Apple is expected to sell some 60 million iPhones this year, analysts say, driven in part by its upcoming release on the Verizon network. Meanwhile, it sold 7.5 million iPads in its first six months. Research firm eMarketers predicts iPad sales will surpass 19 million units by the end of the year.

That isn’t stopping others from trying to compete.

Ten new devices will light up Verizon’s LTE system this year, while AT&T said it will offer up to 20 4G devices by the end of 2011. Sprint has 17 4G handsets out already.

Many boast larger screen sizes. HTC’s Inspire, the largest screen AT&T currently offers (at 4.3 inches), also features Dolby and SRS surround sound, making it an attractive video player. Samsung’s Infuse features an even larger, 4.5 inch screen.

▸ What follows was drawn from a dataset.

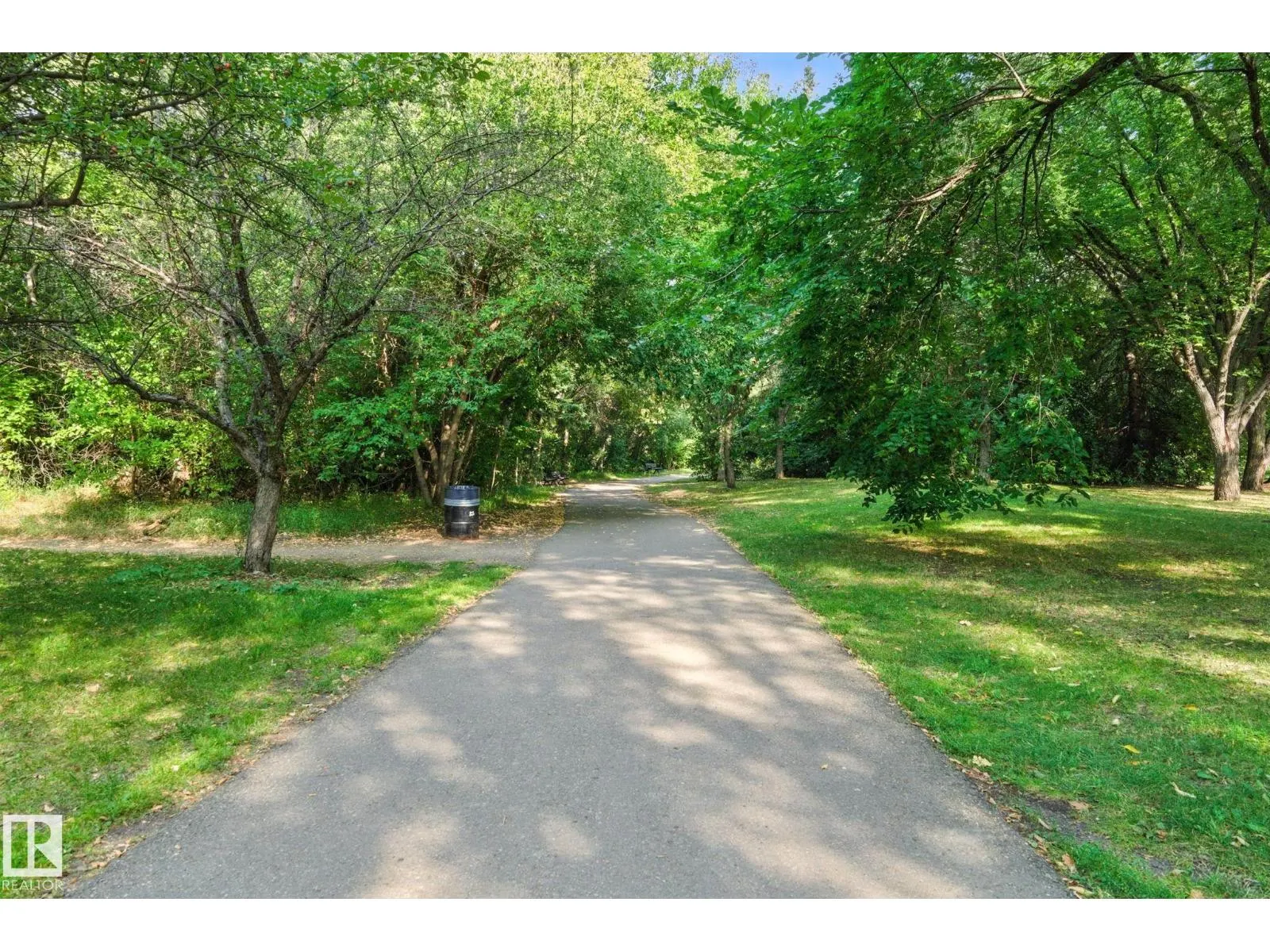 #305 9819 96A ST NW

In addition there are new tablets like Samsung’s Wi-Fi Galaxy Tab, HP’s Slate, Dell’s Streak, Motorola’s Xoom and Vizio’s Via tablet, among others that run on 4G. BlackBerry-maker Research in Motion has its own iPad competitor, the PlayBook 4G, which will be aimed at corporate customers when it bows this summer at a price of less than $500.

Apple, which doesn’t attend CES, is expected to unveil its iPad 2 soon.

It’s what runs these devices that really matters, Verizon stressed, and Seidenberg praised the possibilities of a “creative revolution” with the faster networks during his keynote.

“Wireless data is now more than doubling every year,” Seidenberg said. “Smart phones are growing at almost 90% a year, and a whole new computing platform for mobile broadband has emerged.”

While Verizon was developing its new 4G network, it was also beefing up the speed of its broadband network, available to its 15 million FiOS subscribers. Network can now reach speeds of 150 megabits per second, or 21 times the average broadband speed nationwide. That enables a full-length film to be downloaded in less than five minutes.

“Big Broadband,” as Verizon prexy-chief operating officer Lowell McAdam referred to it during the keynote, could also be used to power 3D technologies and holographic games. He predicted “huge growth in video traffic” and noted that “network innovation not only changes what we can do, it changes what you can do with us.”

Time Warner CEO Jeff Bewkes took the stage during Verizon’s keynote to tout the broadband network’s faster speed as key in getting consumers onboard the “TV Everywhere” concept so that they can access their entertainment from any device.

All forms of entertainment are “going on demand, on every device, in ever higher quality — HD, soon 3D — and it is an explosion of vitality that is moving from the TV screen, still on TV, but to every other screen that you have,” Bewkes said.

Verizon’s faster network should prove especially attractive to users of Verizon’s FlexView VOD service, which launched in November, and sells and rents movies and TV shows that can be played on multiple devices, including laptops, tablets and smart phones. Service provides Hollywood with yet another revenue source for its libraries.

FlexView offered around 2,000 titles in 2010, and Verizon wants to boost that number to 6,000 this year.